Controversy as Poland Removes its Artist for the 2024 Venice Biennale
By Mary Whitlock
In a controversial and unprecedented move, Poland’s new centrist coalition government, led by Donald Tusk, have removed the country’s ‘Anti-European’ submission for the Venice Biennale later this year.
Undeterred by their failure to win a majority in the 15th October 2023 general election, the country’s right-wing populist party Law and Justice (PiS) (known for its harsh stance on LGBTQ+ rights and those of women) had continued with the organisation of their pavilion. Announced on 31st October, in the final weeks of their eight-year rule, this decision can be seen as the party’s parting shot in the culture wars that pervaded their time in power.
The artist Ignacy Czwartos had been chosen, with his exhibition “Polish Exercises in the tragedy of the World: Between Germany and Russia”. This featured paintings of both Germany’s and Russia’s mistreatments of Poland throughout modern history, with one work showing Angela Merkel (German Chancellor, 2005 - 2021) connected to Vladimir Putin (President or Prime Minister of Russia since 1999) by a St Andrew’s cross manipulated to look like a swastika. In the proposal document, the show was described as “a profound reflection by a contemporary Polish artist on the tragic history of the 20th century”.
When Tusk went on to form a coalition government on 13th December, the new culture secretary, Bartłomiej Sienkiewicz, soon removed the proposed artist and works, as well as dismissing the right-wing painter Janusz Janowski from his position as Director of Zacheta National Gallery of Art in Warsaw (the institution that oversees Poland’s participation in the Biennale).
This had also come after an unprecedented move by three members of the jury that chose the original commission: Jagna Domżalska, Joanna Warsza and Karolina Ziębińska-Lewandowska.
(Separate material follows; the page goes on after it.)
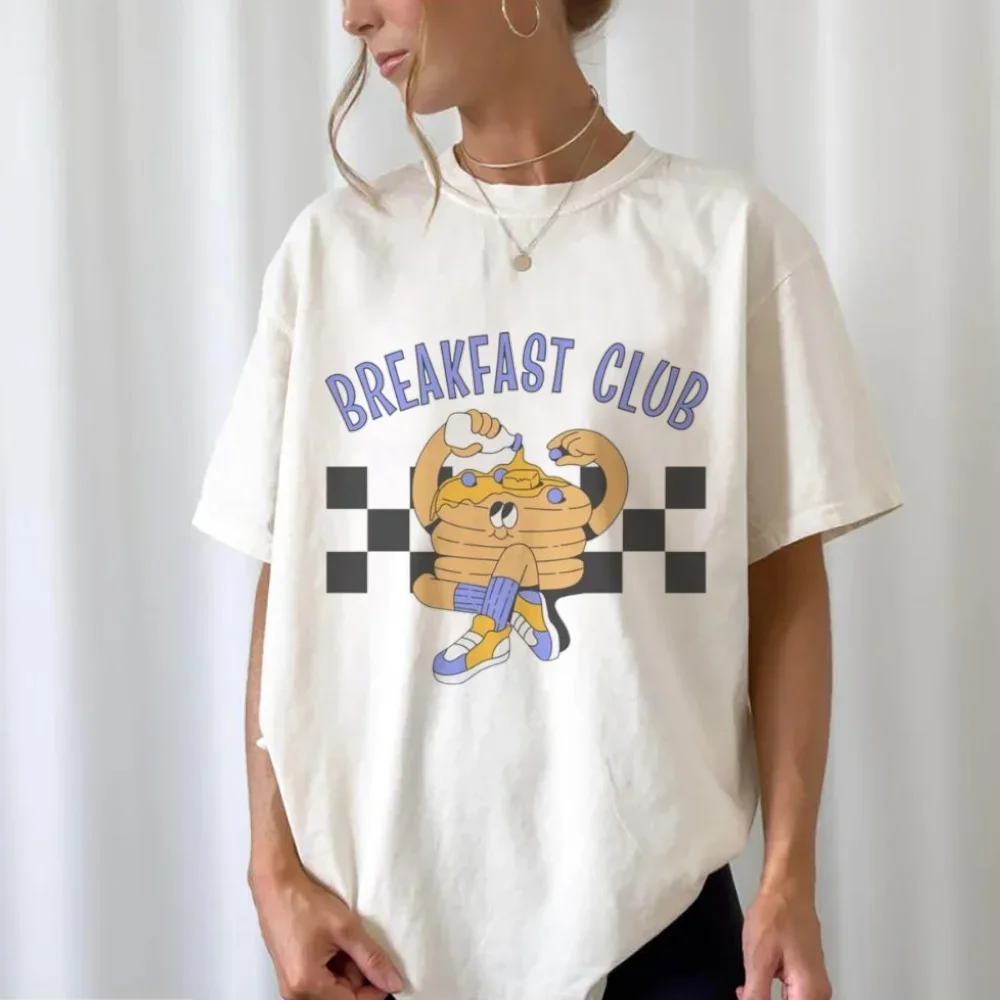 Camiseta de manga corta para mujer, camiseta informal con estampado bonito, cuello redondo a la moda, versátil, con estampado de dibujos animados para mujer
They presented their disapproval of Czwartos’ works in a “votum seperatum”, saying that they represented a decline into a “narrow-minded, ideologically paranoid and shameful position”, adding that it “does not in any way reflect Poland’s contemporary art scene”
Furthermore, the 60th Venice Biennale (held from 20th April to 24th November 2024) has been given the theme “Foreigners Everywhere”, celebrating migration and non-belonging. The nationalist tones of Czwartos’ works were considered out of step with this level of inclusivity.
Before he was embraced by PiS, Cwzartos (born in 1966) was not considered a major player in the Polish contemporary art scene. Despite the non-traditionalist style of his poster-like paintings, thematically they align strongly with the ideologies of the right-wing former government. He has now branded the removal of his artworks by the new government as an act of “censorship”.
In its place, the performance video “Repeat After Me”, initially a back-up option, has been chosen. The work is by ‘Open Group’, a Ukrainian collective including Yuriy Biley, Pavlo Kovach, and Anton Varga, that has already staged a Venice pavilion – representing Ukraine in the 56th Biennale in 2015.
The installation features Ukrainian refugees in a camp in Lviv sharing their experiences of Russia’s war, focusing particularly on sound. Often the only way to distinguish different types and scales of attack is through the differing noises they make. The work combines dialogue with audio reproductions of shelling, gunfire and air raid sirens, fully immersing the visitor.
Despite the fact that Czwartos believes his works have present as well as past relevance and refer “above all to Putin’s brutal attack in Ukraine”, the huge opposition he has received and his removal would suggest otherwise. The organisers of Czwartos’ show stated that the work intends to “accuse”, “provoke” and ask “unpleasant questions”. And it most certainly has.